You Only Look Once - YOLO - is a traditional approach that is used in object detection. YOLO applies a single neural network to predict bounding box and class probability. Bounding box is the rectangular box that covers the object to identify the location of the object. This technique re-identified multi-task classification problem to regression problem.

Introduction

Prior to YOLO, the techniques like R-CNN utilized “region proposal” methods to first create potential bounding boxes then run a classifier on boxes. Then, post-processing refines the bounding boxes, delete overlapping predicitons, and rescore the boxes.

Since YOLO reframed object detection into a single regression problem by training the full images and directly optimizing detection performance, there are several benefits:

  1. YOLO is fast. With the tools that are applied in the paper, the network runs at speed of 45 frames per second. Along with the efficiency, the model attained more-than-twice average precision compared to exisiting models when it was published.

  2. YOLO bases to a global image when making decisions. The model sees the entire image and test time.

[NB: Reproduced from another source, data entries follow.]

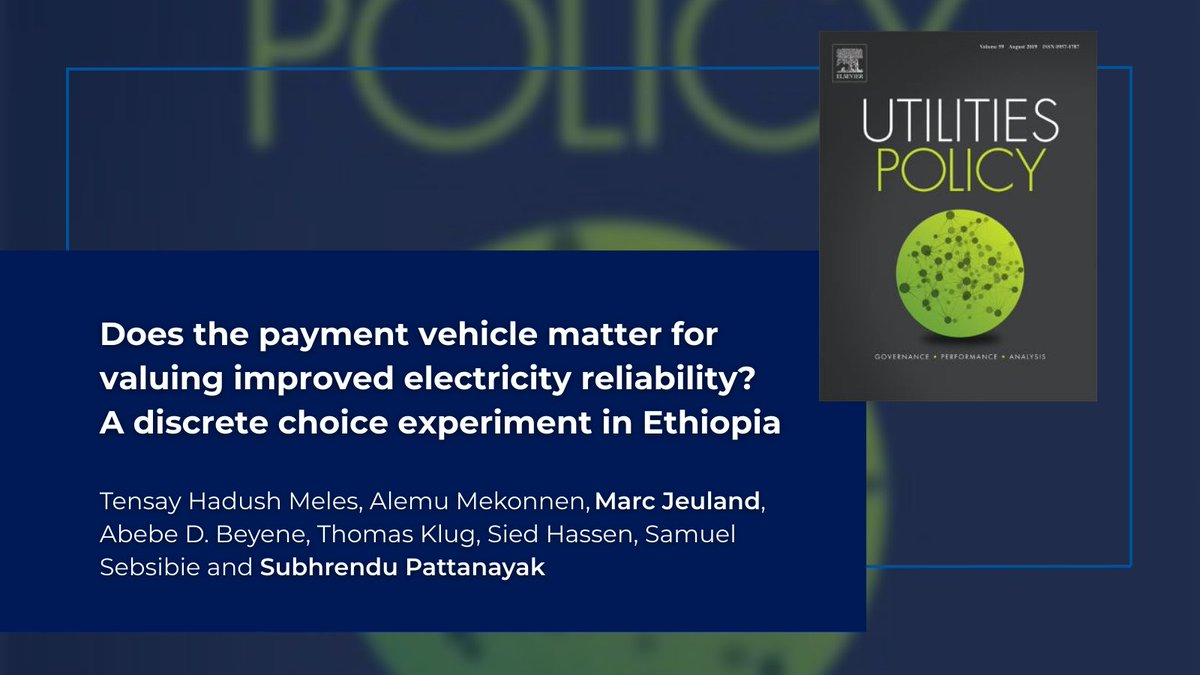 "Does the payment vehicle matter for valuing improved electricity reliability? A discrete choice experiment in Ethiopia," co-authored by Marc Jeuland and Subhrendu Pattanayak, is published in Utilities Policy.

Read the paper: sciencedirect.com/science/articl…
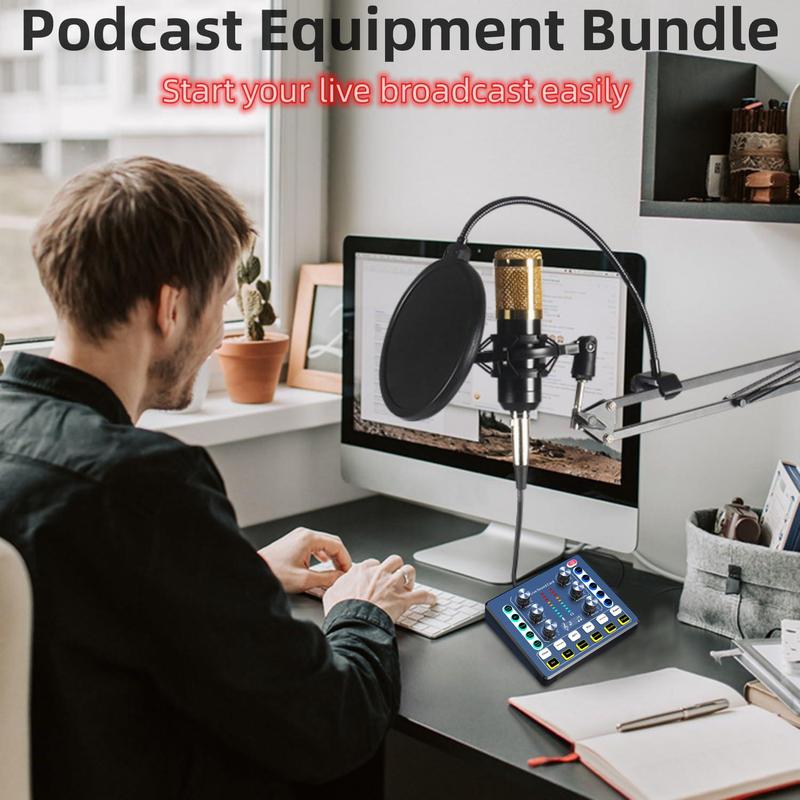 Podcast Equipment Bundle, 1 Set Sound Cards with Audio Interface & Microphone & Other Accessories, Professional Podcast Microphone for Recording, Live Streaming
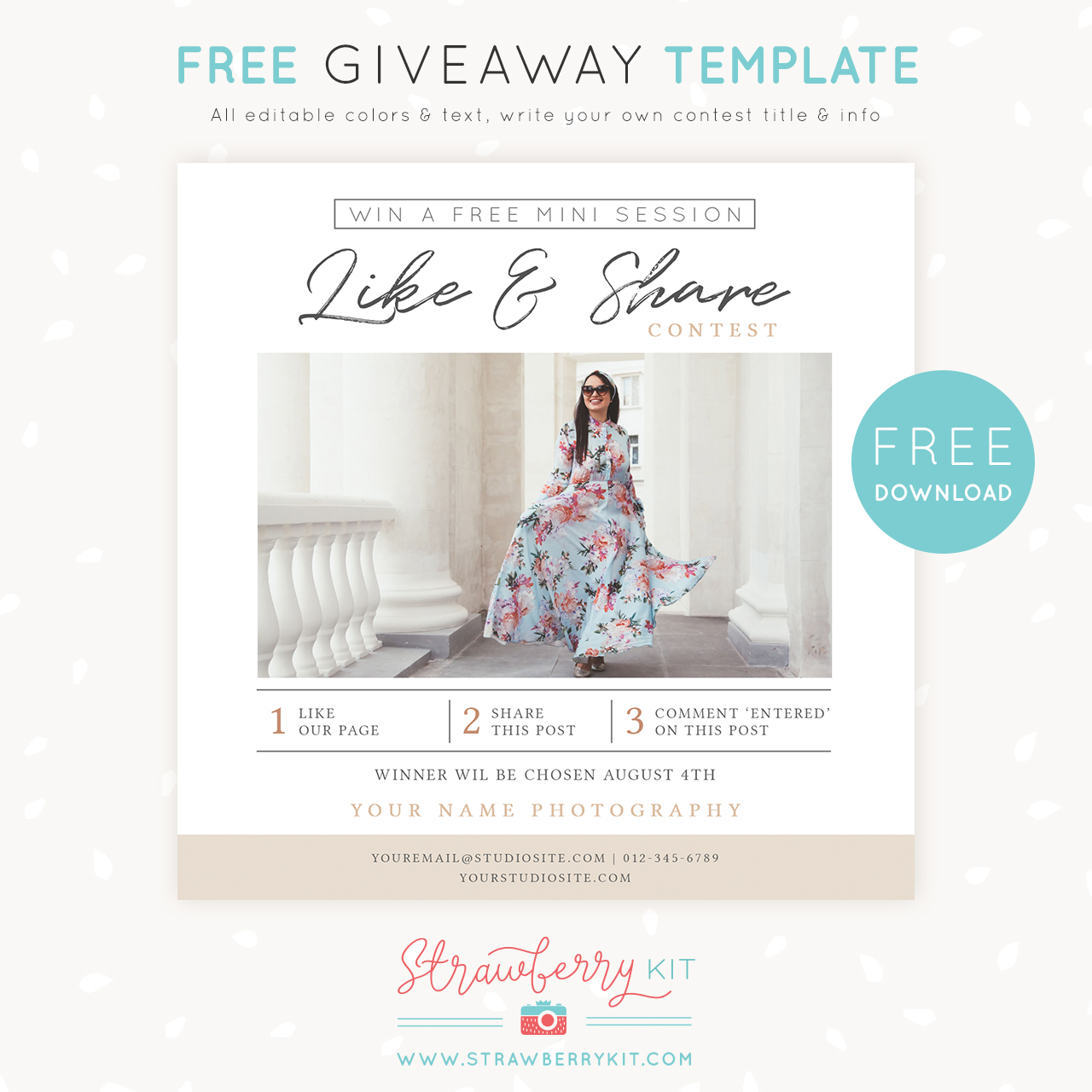 Free Photography Marketing Template Giveaway Share Win Strawberry Kit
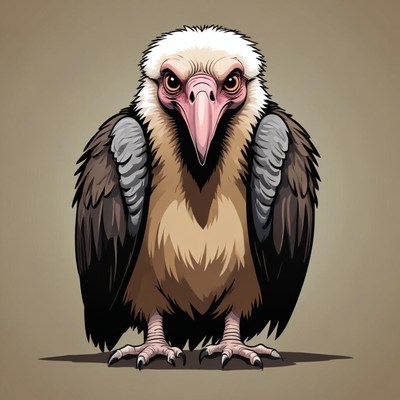 A large, white-headed vulture stares intently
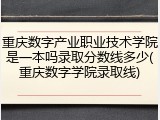 重庆数字产业职业技术学院是一本吗录取分数线多少(重庆数字学院录取线)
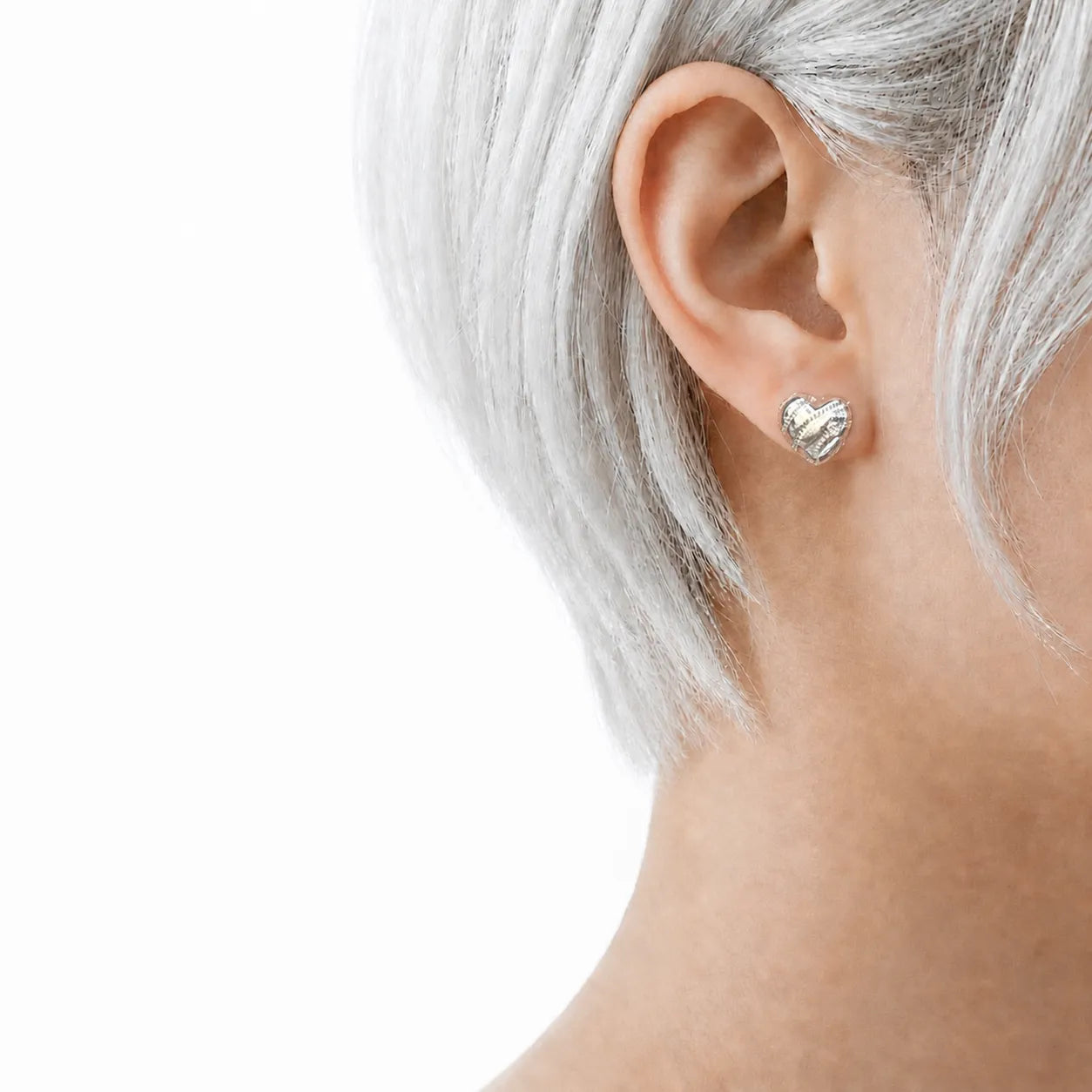 Heart Stud Earrings 925 Sterling Silver Baseball Stitch Design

  3. YOLO learns generalizable representations of objects. YOLO is less likely to malfunction with new domains and unexpected inputs.

Indeed, the accuracy may not be remarkable compared to exisiting models when it was published.

Architecture

YOLO is a single neural network model for object detection components. There are steps that YOLO takes to detect.

The model first divides input images into $S$ x $S$ grid. If the center of an object lies inside certain grid cell, that grid cell is responsible for detecting that object.

Each grid cell predicts $B$ number of bounding boxes and confidence score of it. Confidence score is a measurement for how trustable the bounding box is for containing certain object. It is calculated as follows:

\[Pr(Object) * IOU^{truth}_{pred}\]

IOU stands for intersection over union - the ratio of intersection of actual and predicted bounding box and union of the them. If grid cell does not have any object, $Pr = 0$, and vice versa. If condifidence score is same is IOU, the score is theoretical.

Each bounding box comprises of five prediction values - $x$, $y$, $w$, $h$, and confidence score. $x$ and $y$ are for comparative object location within the grid cell. $w$ and $h$ are for the size of the bounding box. They range from 0 to 1. Then, each grid cell predicts conditional class probabilities, which is calculated as follows:

\[C(CCP) = Pr(Class_i | Object)\]

This is a conditional probability of which class that object is under the circumstance that object lies on grid cell. Regardless of number of bounding boxes, the probability is calculated for only one class for each grid cell.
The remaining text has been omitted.